Tuesday, January 09, 2007
Ind. Decisions - 7th Circuit case out of Wisconsin offers cautionary lesson
In Treiber & Straub v. UPS, a 13-page opinion, Judge Wood begins:
Treiber & Straub, Inc. (“Treiber”), a fine-jewelry store in Wisconsin, needed to return a diamond ring to a California jewelry wholesaler. It turned to United Parcel Service, the world’s largest package delivery company and, using the UPS website, it arranged to send the package via “Next Day Air.” As part of the transaction, it purchased $50,000 in insurance, the maximum permitted.
The ring was worth more than double that $50,000 limit—a fact that gave rise to Treiber’s problems here after UPS lost the package. Treiber reimbursed the wholesaler for the full loss and then filed this lawsuit against UPS and UPS Capital Insurance Agency, Inc., a wholly owned subsidiary of UPS that administers UPS’s excess value insurance program. (For simplicity, we refer in this opinion to both defendants as UPS.) Treiber wanted to collect the $50,000 for the lost package to which it believed it was entitled. UPS denied liability, pointing to the disclaimer found in its “Terms and Conditions,” its shipping tariff, and its insurance policy. These documents warn (repeatedly) that when customers ship items of “unusual value,” defined as those worth more than $50,000, there is no liability at all.

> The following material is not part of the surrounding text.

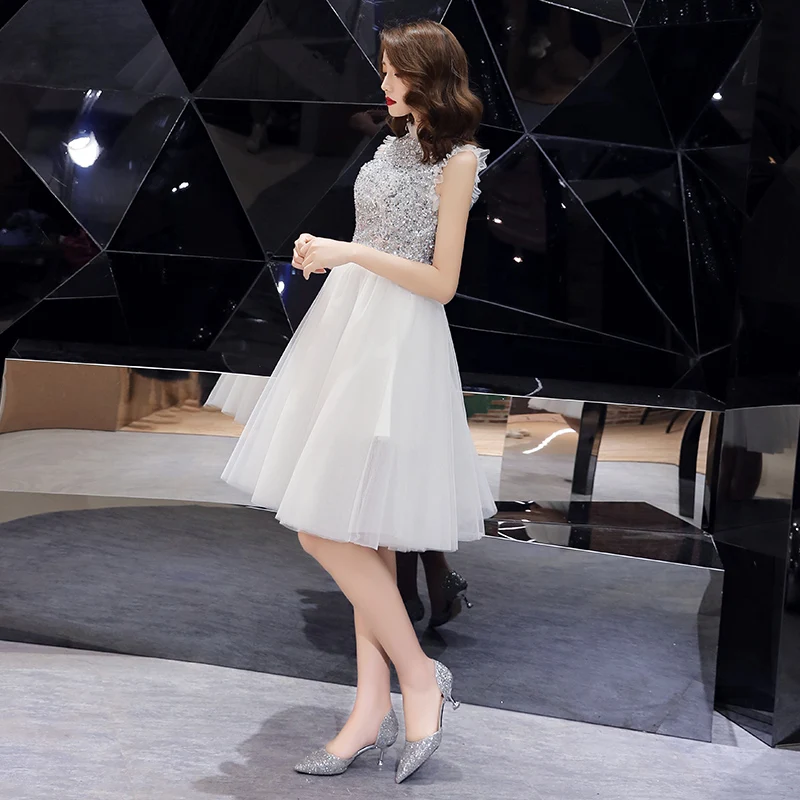 wei yin 2020 Sex White Sleeveless A-line Zipper Dinner Dress Cocktail Dresses Knee Length Formal Party Gown WY1681 | Свадьбы и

Finding federal jurisdiction proper because the case arose under the rules of federal common law that apply to lost or damaged goods shipped via air freight, the district court granted summary judgment for UPS. The court found that the company’s disclaimers gave reasonable notice and were enforceable; it declined to reach Treiber’s state law breach-of-contract theory, rejecting UPS’s argument that it too arose under federal law because of field preemption. Both UPS and Treiber appealed. We affirm the district court’s grant of summary judgment for UPS on the federal common law claim, and we modify the court’s decision dismissing the state law claims without prejudice to a dismissal with prejudice.